Democrats also suggested that they would not consent to a deal just for a deal’s sake — especially if that pact were modeled after proposals already outlined by supercommittee Republicans.

Van Hollen also pushed back against suggestions from Republicans that the across-the-board cuts could be watered down if the supercommittee does not reach a deal.

“That’s just trying to re-engineer an agreement that has already been reached,” he said.

The major GOP supercommittee proposal, from Sen. Pat Toomey (Pa.), would raise hundreds of billions of dollars in fresh revenues and entitlement cuts. But it would also permanently lock in the Bush-era tax cuts, and push to reduce rates even further.

By contrast, Democrats on the panel have said they will accept the amount of upfront revenues that Republicans have proposed, but only if they drop the demand to lock in the Bush-era tax cuts.

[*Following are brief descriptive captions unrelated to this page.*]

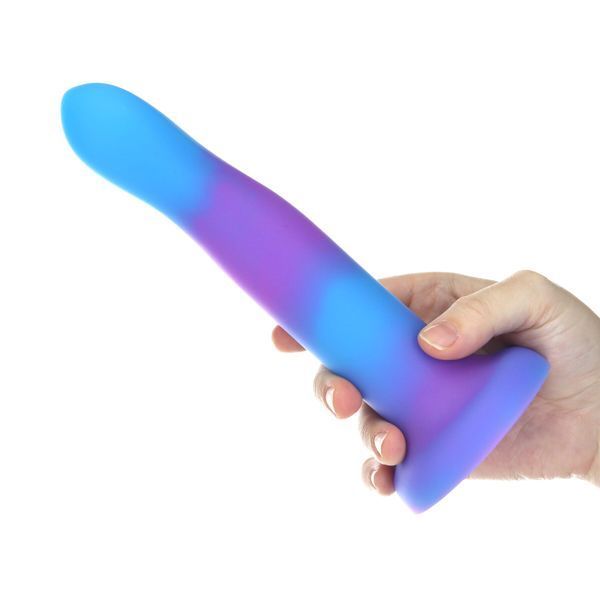 Фалоімітатор, що світиться в темряві, ADDICTION Rave 8&Prime; Glow in the Dark Dildo Blue Purple, 20,3 см SO6851 фото - купити в секс-шопі Чорний Кролик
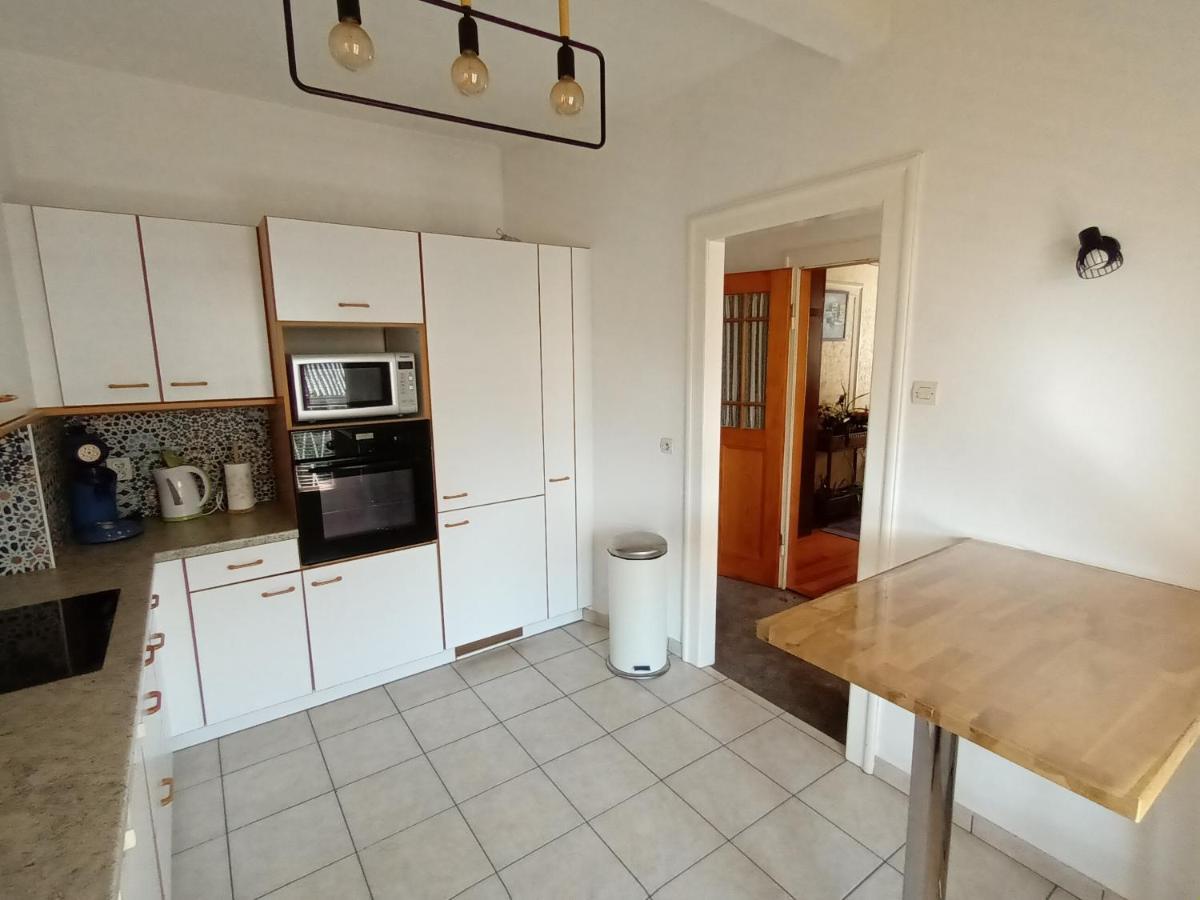 Logis Le 18 Rose Apartment Strasbourg Bagian luar foto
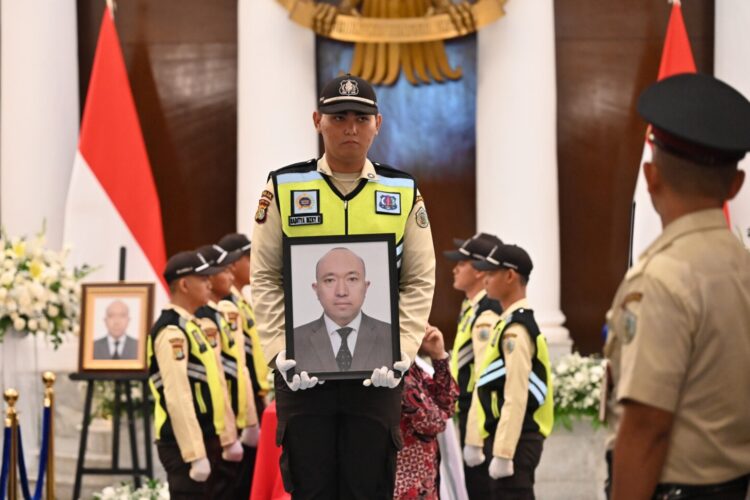 Upacara penghormatan terakhir bagi almarhum Zetro Leonardo Purba, di Gedung Pancasila, Kemlu RI, Jakarta Pusat, Kamis (11/9/2025) | Foto: dok. Kemlu RI
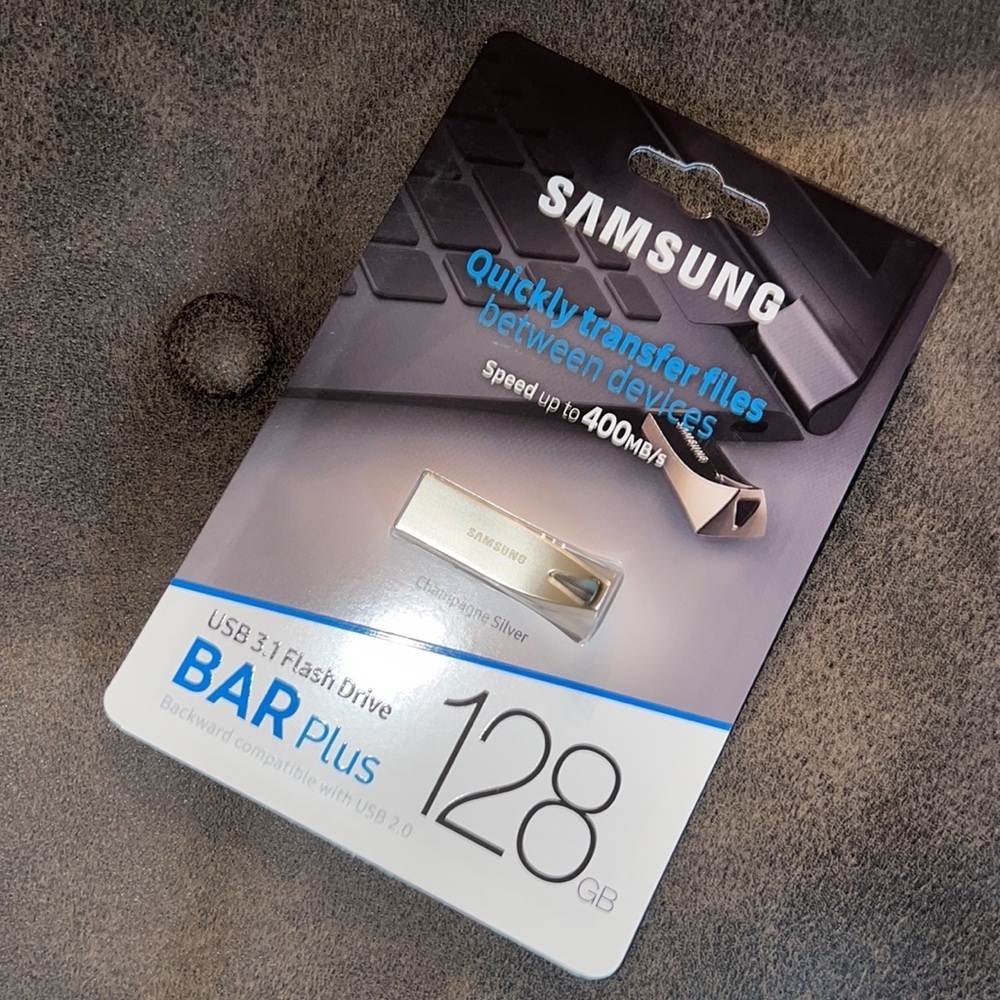 Samsung 128GB BAR‎ Plus USB 3.1 Flash Drive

“Apparently, the Toomey proposal is a hedge fund manager sees his rate go down to 28, but a person who’s 63 doesn’t get Medicare,” said Rep. Rob Andrews (D-N.J.). “That’s pretty outrageous. We’re not going to make a deal on those grounds.”

At Friday’s caucus meeting, Democrats said, members were given polling information that showed the American public wishes to protect entitlement programs.

“Overwhelmingly, everyone in America believes that cutting Social Security and Medicare is a really bad idea,” said Rep. Jan Schakowsky (D-Ill.). “That includes people who define themselves as fiscal conservatives, as Republicans, as independents.”